See you at the mall.  Please leave me a slice of stale pumpkin loaf.  It's all that will sustain me through the rest of this holiday season.


  1. Why not leave your leaves as they are and call it DesignArt? And don't let anyone call you a Mo' Pho!

    1. Your comments always make me laugh and shake my head at the same time... ; )

  2. I just leave the leaves in piles around my trees and if anyone ask I said "mother nature will take care of it "... or "do you want me to leave my trees with no nutrition for next spring? ... how anti-ecologist from you!" aaaand that's enough... ;)

    1. Ha! That's a good idea to just accuse them of being tree-haters, YOU TREE HATERS!! I'm just hoping for a lot of wind to just blow them away... ; )

  3. You call it Christmas, but I call it "the return of Krampus."

    ps, I love DC.
    pps, also Pho. The best when it's cold.

    1. I need some serious Krampus art in my life. We have less than two weeks before my tree goes up so that's plenty of time to raid etsy for some Krampus love!

      Cold? Really? Next time!

    2. Whoops! I meant when the weather is cold, not the pho!

    3. Hahahaha ok that makes more sense and YES so delicious that way. ; )

  4. Your photos are kick-ass. I find the first one so pretty I want to cry.

    (Possibly eating a plateful of chocolate chip cookies (homemade, bitches!
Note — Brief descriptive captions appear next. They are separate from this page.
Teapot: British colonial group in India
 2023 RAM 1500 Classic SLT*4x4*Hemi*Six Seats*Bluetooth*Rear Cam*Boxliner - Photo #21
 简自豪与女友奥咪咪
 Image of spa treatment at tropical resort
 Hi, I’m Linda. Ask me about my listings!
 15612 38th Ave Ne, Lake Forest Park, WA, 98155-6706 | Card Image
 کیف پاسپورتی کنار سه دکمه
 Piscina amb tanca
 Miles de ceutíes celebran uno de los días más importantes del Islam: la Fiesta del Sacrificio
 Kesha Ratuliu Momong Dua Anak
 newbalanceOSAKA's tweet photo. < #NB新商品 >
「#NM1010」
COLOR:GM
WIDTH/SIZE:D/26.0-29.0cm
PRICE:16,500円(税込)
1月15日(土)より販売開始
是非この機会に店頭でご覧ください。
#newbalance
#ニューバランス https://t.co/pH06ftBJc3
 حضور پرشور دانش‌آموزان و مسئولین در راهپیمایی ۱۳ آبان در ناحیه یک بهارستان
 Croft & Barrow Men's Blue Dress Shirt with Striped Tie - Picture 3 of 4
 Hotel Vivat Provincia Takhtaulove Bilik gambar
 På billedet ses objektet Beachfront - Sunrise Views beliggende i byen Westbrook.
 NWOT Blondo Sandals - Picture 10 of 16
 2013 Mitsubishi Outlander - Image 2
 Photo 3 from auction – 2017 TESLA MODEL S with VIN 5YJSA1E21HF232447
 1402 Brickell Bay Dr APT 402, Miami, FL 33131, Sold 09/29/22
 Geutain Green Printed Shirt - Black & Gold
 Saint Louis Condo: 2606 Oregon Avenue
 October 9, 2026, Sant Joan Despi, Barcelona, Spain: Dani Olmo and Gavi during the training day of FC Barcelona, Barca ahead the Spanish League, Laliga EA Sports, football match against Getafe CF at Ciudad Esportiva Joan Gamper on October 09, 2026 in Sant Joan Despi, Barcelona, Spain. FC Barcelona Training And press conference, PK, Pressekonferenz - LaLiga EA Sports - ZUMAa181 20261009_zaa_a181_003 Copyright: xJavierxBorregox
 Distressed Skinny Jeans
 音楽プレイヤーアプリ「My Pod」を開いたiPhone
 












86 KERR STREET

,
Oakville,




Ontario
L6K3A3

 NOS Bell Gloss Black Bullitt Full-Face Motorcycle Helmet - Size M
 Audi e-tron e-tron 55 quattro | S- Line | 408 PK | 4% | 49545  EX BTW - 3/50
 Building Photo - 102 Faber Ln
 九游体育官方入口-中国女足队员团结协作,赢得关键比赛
I'm pioneer lady!) and drinking undiluted espresso wasn't my best idea.)

    Regardless, I like to think it's not "watching a kayaker" but rather, "watching someone attempt to die using only a kayak and river and GIANT FUCK ALL ROCKS", but that's just me. What's that? Pho time? Yes, yes, all the time.

    1. You must be pregnant or something or have a hormone disorder if those make you want to cry but... I'LL TAKE IT THAT'S SO NICE OF YOU TO SAY!

      I really am in the Fall spirit now. Would be better with cookies and espresso but I can't have everything.

      There were about 20 people all watching these guys kayak and we were all gripping each other hoping we wouldn't witness their doom. We'd of course have it on camera though because duh.